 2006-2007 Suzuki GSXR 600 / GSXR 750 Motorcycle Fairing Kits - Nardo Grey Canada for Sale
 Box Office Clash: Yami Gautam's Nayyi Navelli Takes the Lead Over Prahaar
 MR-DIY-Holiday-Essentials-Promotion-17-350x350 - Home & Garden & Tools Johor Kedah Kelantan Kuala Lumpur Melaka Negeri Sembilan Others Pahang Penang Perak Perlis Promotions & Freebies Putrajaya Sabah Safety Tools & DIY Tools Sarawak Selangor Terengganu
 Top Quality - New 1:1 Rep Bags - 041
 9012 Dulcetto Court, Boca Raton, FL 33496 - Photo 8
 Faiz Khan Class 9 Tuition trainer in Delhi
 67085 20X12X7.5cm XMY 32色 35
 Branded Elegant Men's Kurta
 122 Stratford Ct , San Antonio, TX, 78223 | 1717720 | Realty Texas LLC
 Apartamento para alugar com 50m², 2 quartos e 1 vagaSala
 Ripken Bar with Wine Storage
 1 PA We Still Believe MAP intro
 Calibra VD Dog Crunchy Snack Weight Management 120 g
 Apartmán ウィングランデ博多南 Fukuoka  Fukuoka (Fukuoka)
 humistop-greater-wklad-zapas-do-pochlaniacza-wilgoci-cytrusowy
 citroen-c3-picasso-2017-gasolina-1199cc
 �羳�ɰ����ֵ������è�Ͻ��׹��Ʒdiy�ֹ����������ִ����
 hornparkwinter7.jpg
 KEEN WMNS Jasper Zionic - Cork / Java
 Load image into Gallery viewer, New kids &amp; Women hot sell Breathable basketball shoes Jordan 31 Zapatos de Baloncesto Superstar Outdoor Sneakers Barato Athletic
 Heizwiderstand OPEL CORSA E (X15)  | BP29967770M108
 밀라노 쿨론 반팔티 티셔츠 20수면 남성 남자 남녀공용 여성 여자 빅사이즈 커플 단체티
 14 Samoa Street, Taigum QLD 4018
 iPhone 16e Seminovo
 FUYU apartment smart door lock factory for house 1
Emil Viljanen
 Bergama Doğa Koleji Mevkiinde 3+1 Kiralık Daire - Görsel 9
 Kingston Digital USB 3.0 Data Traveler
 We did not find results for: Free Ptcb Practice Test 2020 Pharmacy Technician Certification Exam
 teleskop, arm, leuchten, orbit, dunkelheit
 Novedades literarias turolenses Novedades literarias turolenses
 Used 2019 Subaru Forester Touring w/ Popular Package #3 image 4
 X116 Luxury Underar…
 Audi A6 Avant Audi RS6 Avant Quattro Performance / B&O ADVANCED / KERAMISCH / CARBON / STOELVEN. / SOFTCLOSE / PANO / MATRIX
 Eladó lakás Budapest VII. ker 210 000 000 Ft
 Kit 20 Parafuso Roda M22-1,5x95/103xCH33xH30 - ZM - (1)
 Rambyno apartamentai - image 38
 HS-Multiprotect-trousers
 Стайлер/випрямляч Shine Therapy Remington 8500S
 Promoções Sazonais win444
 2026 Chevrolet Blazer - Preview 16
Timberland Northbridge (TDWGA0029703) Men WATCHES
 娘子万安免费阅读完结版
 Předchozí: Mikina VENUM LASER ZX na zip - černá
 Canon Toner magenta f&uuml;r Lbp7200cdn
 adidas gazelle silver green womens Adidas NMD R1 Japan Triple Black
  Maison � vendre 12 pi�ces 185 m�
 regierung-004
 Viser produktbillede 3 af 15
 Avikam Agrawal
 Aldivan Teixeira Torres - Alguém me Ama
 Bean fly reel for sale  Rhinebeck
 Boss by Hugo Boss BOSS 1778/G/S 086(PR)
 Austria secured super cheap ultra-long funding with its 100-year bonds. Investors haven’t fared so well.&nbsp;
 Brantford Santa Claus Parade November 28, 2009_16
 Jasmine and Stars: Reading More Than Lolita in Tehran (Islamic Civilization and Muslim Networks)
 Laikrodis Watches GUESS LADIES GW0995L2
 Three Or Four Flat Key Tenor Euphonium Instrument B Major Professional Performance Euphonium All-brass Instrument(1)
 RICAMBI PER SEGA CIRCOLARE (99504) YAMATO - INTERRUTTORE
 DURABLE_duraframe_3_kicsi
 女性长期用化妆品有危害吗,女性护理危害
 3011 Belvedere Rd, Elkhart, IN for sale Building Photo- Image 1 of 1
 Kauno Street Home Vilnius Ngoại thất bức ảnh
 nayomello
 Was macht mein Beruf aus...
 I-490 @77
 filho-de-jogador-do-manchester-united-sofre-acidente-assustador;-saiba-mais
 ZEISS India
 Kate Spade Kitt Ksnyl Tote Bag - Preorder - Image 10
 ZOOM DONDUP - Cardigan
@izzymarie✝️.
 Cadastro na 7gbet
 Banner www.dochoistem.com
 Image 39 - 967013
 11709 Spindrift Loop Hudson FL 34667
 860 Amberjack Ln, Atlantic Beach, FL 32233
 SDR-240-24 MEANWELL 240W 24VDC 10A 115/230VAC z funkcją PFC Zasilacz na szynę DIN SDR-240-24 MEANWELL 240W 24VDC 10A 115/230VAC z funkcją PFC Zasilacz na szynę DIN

WHAT IS REQUIRED: Output exactly the lines between the one containing "11709 Spindrift Loop Hudson FL 34667" and the final line above, both inclusive.

ANSWER SPACE:
 11709 Spindrift Loop Hudson FL 34667
 860 Amberjack Ln, Atlantic Beach, FL 32233
 SDR-240-24 MEANWELL 240W 24VDC 10A 115/230VAC z funkcją PFC Zasilacz na szynę DIN SDR-240-24 MEANWELL 240W 24VDC 10A 115/230VAC z funkcją PFC Zasilacz na szynę DIN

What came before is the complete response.